Flat to functional - origami engineering and the folded built environment

Metamaterial properties

If you’ve ever held a folded piece of paper, you’ll have realised that the properties (namely stiffness) of the material are drastically different to the flat ‘stock’ sheet. This can be thought of as a ‘meta’ property of the paper.

Metamaterial properties are not born of the crystal structure of the metal, or the grain of the timber, but instead are properties of the geometry and distribution of material. Stiffness or controlled flexibility, control of failure, shear or bending strength and so on. This terminology is applied usually at a very small scale but we can co-opt the idea to demonstrate how foldability or crease patterns can be thought of as a meta-property.

We already manipulate properties in the design of structural sections, but an I-section, or H-section isn’t always the best for say, torsion. So we also have hollow sections – circular and others.

This is basic geometric manipulation of a section. On a larger scale, we manipulate schemes to better suit structural layouts for efficiency, but moving in the other direction – down to a smaller level we can use carefully planned folding to create geometric mechanical advantage for structural members.

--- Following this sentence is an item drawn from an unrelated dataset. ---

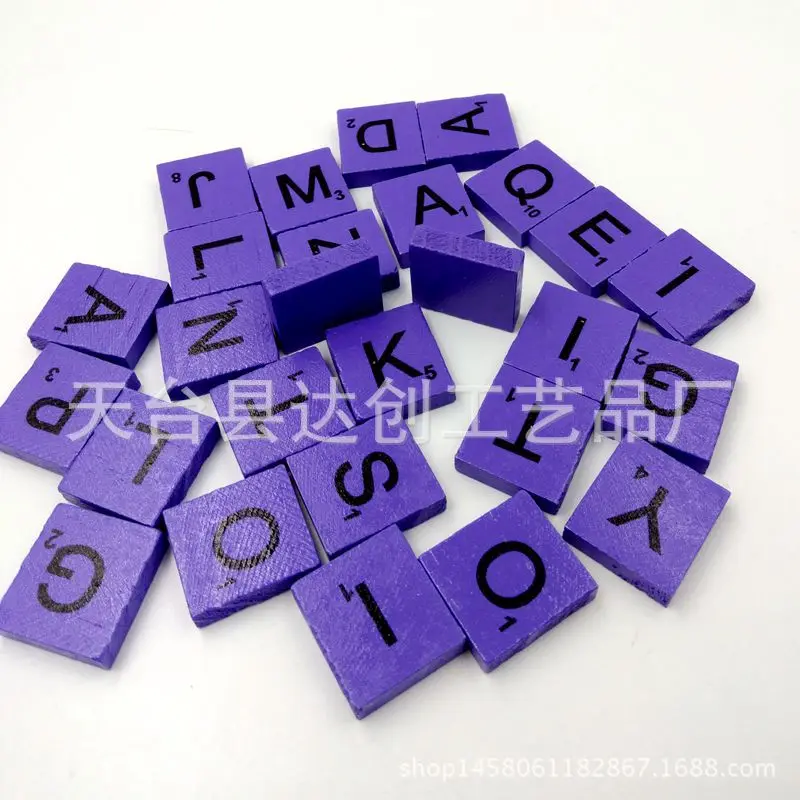 Uma variedade de 26 quadrados coloridos de pinho do alfabeto inglês, quebra-cabeças de educação infantil, lascas de madeira do alfabeto europeu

Naturally, if you’ve ever worked with composite construction, you’re likely well aware of the folded sheet metal deck that forms the tension flange of a slab. These span a certain distance depending on the depth and thickness of the sheet.

From big to small

If we were to carefully design elements to be folded on-site in a controlled manner, we could transport bulk sheet materials in the form of timber panels with designed hinges, or sheet steel with thinned section in areas where we wish to bend them.

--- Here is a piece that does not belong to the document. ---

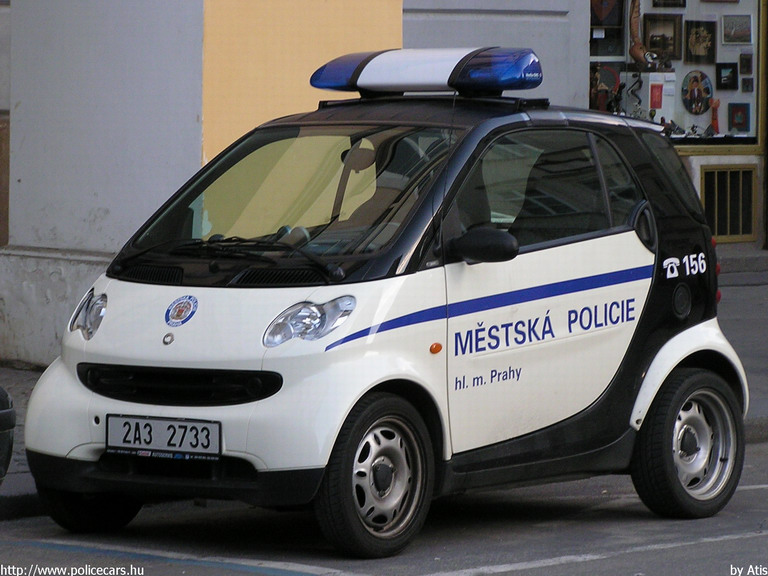 Smart, fotó: Atis
Keywords: rendőr rendőrautó rendőrség cseh csehország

When loaded, a sheet of steel would then fold into a pre-determined ‘service geometry’ in the same way a precambered beam controls deflections.

The advantage to this is that the axial loading of a sheet would cause out of plane bending, and designed carefully can serve to strengthen such a structural element against the design loads.
 

From small to big

The opposite is true as well. Where complex geometries prevent easy stacking or packing of elements, with careful design such elements could in fact be ‘factory folded’ for unfolding on-site. Perhaps though a similar loading operation, this time through tension.

In this way, long steel columns could be packed into a fraction of their final length, erected more easily and tensioned to force plastic deformation until the design geometry is reached.
 

Design methods

The possibilities are far too numerous for a short article, and in fact there is a wealth of research available on such topics in the realm of deployable and adaptive structures. However the aim of this piece is to provide further insight into to the power of computational design methods.

Physics simulations have never been more accessible than they are today. With a desktop computer we can model the actions of complex non-linear systems and the post-buckling behaviour of structural members.

Computational design tools now allow the generation and simulation of folding patterns. While the manufacturing of such items is still somewhat difficult, we as structural engineers have a responsibility to both the ideals of design, and the climate to push the boundaries of the products and services available on the market.

Folded elements have the potential to significantly reduce cost and carbon and we should leverage the power of digital engineering and simulation tools to manifest design ideals within the build environment.